▶ [ASSIGNED TASK] Could you copy the records below exactly, leaving out any pictures they include?
Segment Start: DATA EXTRACT
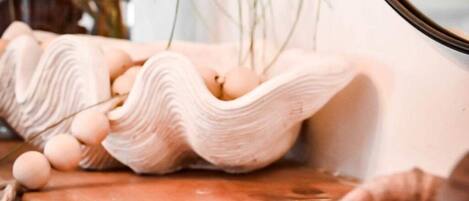 Una mesa de madera rústica con un cuenco de cerámica que contiene huevos y una nuez decorativa.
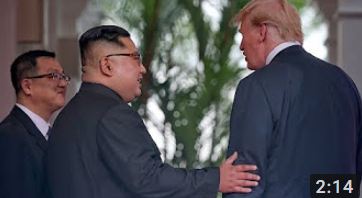 North Korea Kim hand on Trump arm.PNG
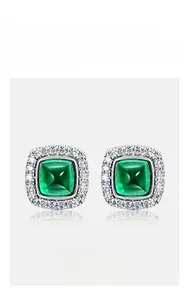 Close-up of square emerald stud earrings with micro-pave diamonds in S925 silver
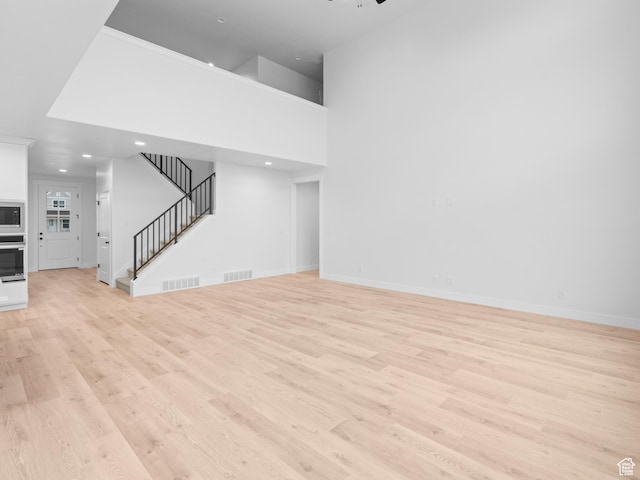 1171 W 800 S Unit 38, Spanish Fork, UT 84660 - unfurnished living room with stairway, visible vents, and light wood-type flooring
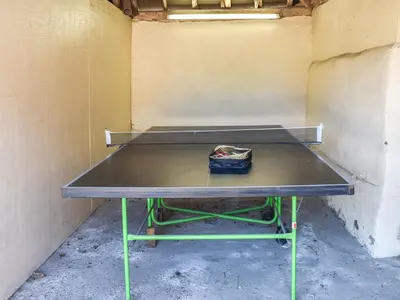 a ping pong table sitting in a room at Coachman's Cottage - Uk11449 in Mellis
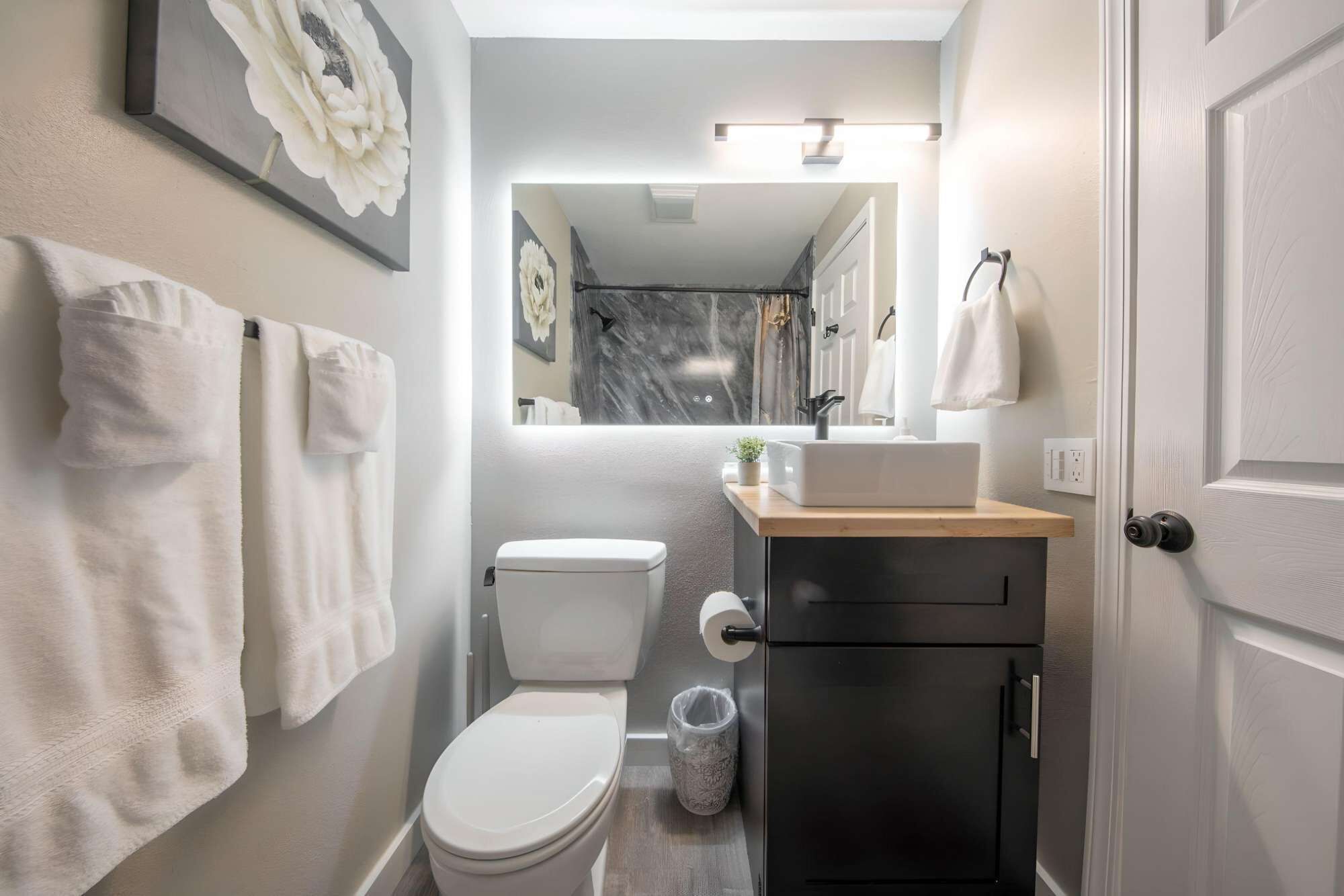 A modern bathroom with a toilet, sink, and mirror. There are towels hanging on the wall and a trash can.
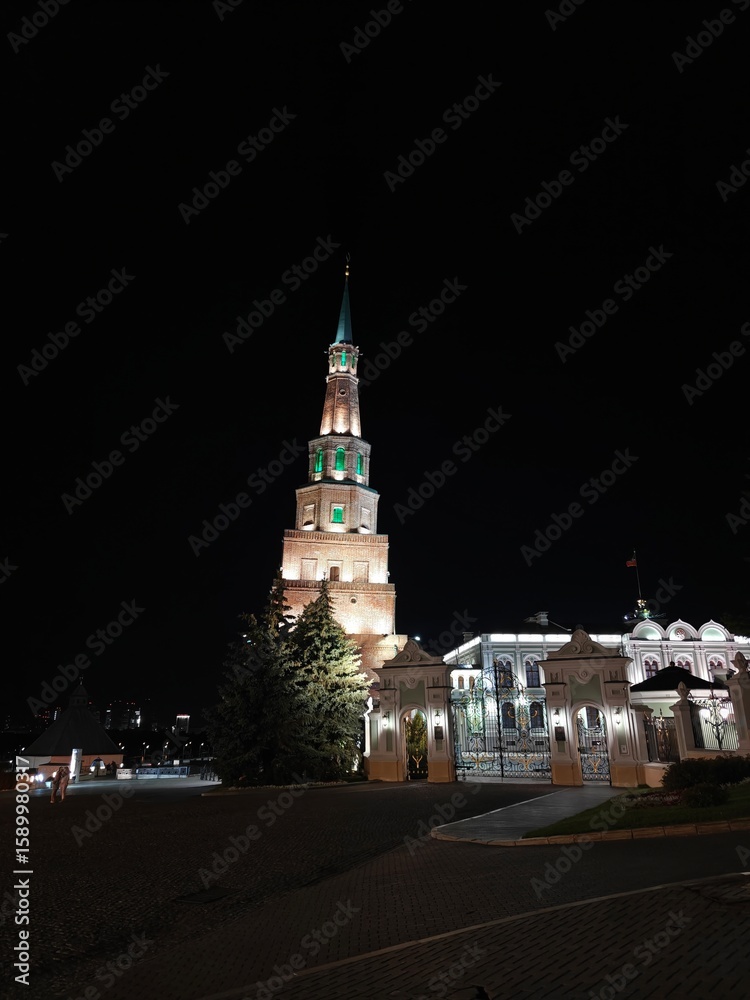 Obraz premium Nighttime view of a historic tower illuminated in green located in a city square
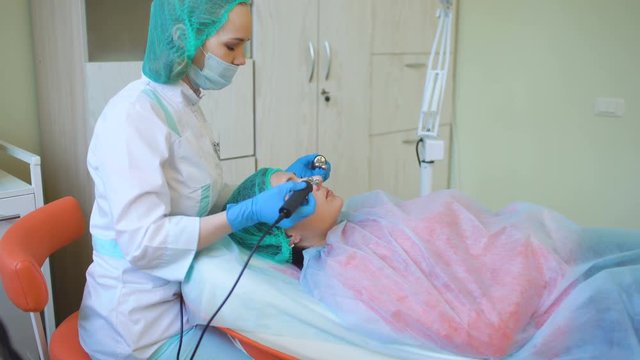 Cosmetology doctor female makes treatment procedure her patient in medical center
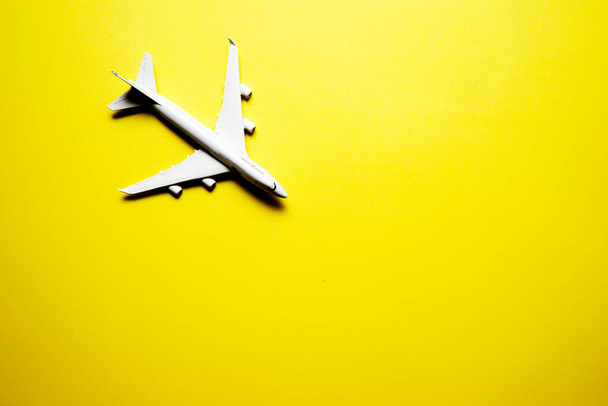 Миниатюрный игрушечный самолет на жёлтом фоне. Поездка на самолете - Фото, изображение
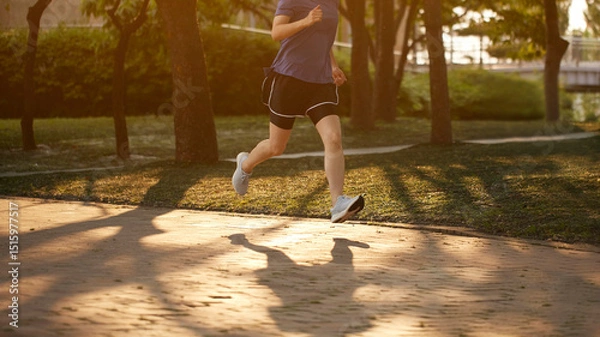 Fototapeta Outdoor Running Routine on a Sunny Day. Running
Motivation. Start Your Fitness Journey.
Segment End: DATA EXTRACT
▶ [TASK SOLUTION]
 Una mesa de madera rústica con un cuenco de cerámica que contiene huevos y una nuez decorativa.
 North Korea Kim hand on Trump arm.PNG
 Close-up of square emerald stud earrings with micro-pave diamonds in S925 silver
 1171 W 800 S Unit 38, Spanish Fork, UT 84660 - unfurnished living room with stairway, visible vents, and light wood-type flooring
 a ping pong table sitting in a room at Coachman's Cottage - Uk11449 in Mellis
 A modern bathroom with a toilet, sink, and mirror. There are towels hanging on the wall and a trash can.
 Obraz premium Nighttime view of a historic tower illuminated in green located in a city square
 Cosmetology doctor female makes treatment procedure her patient in medical center
 Миниатюрный игрушечный самолет на жёлтом фоне. Поездка на самолете - Фото, изображение
 Fototapeta Outdoor Running Routine on a Sunny Day. Running
Motivation. Start Your Fitness Journey.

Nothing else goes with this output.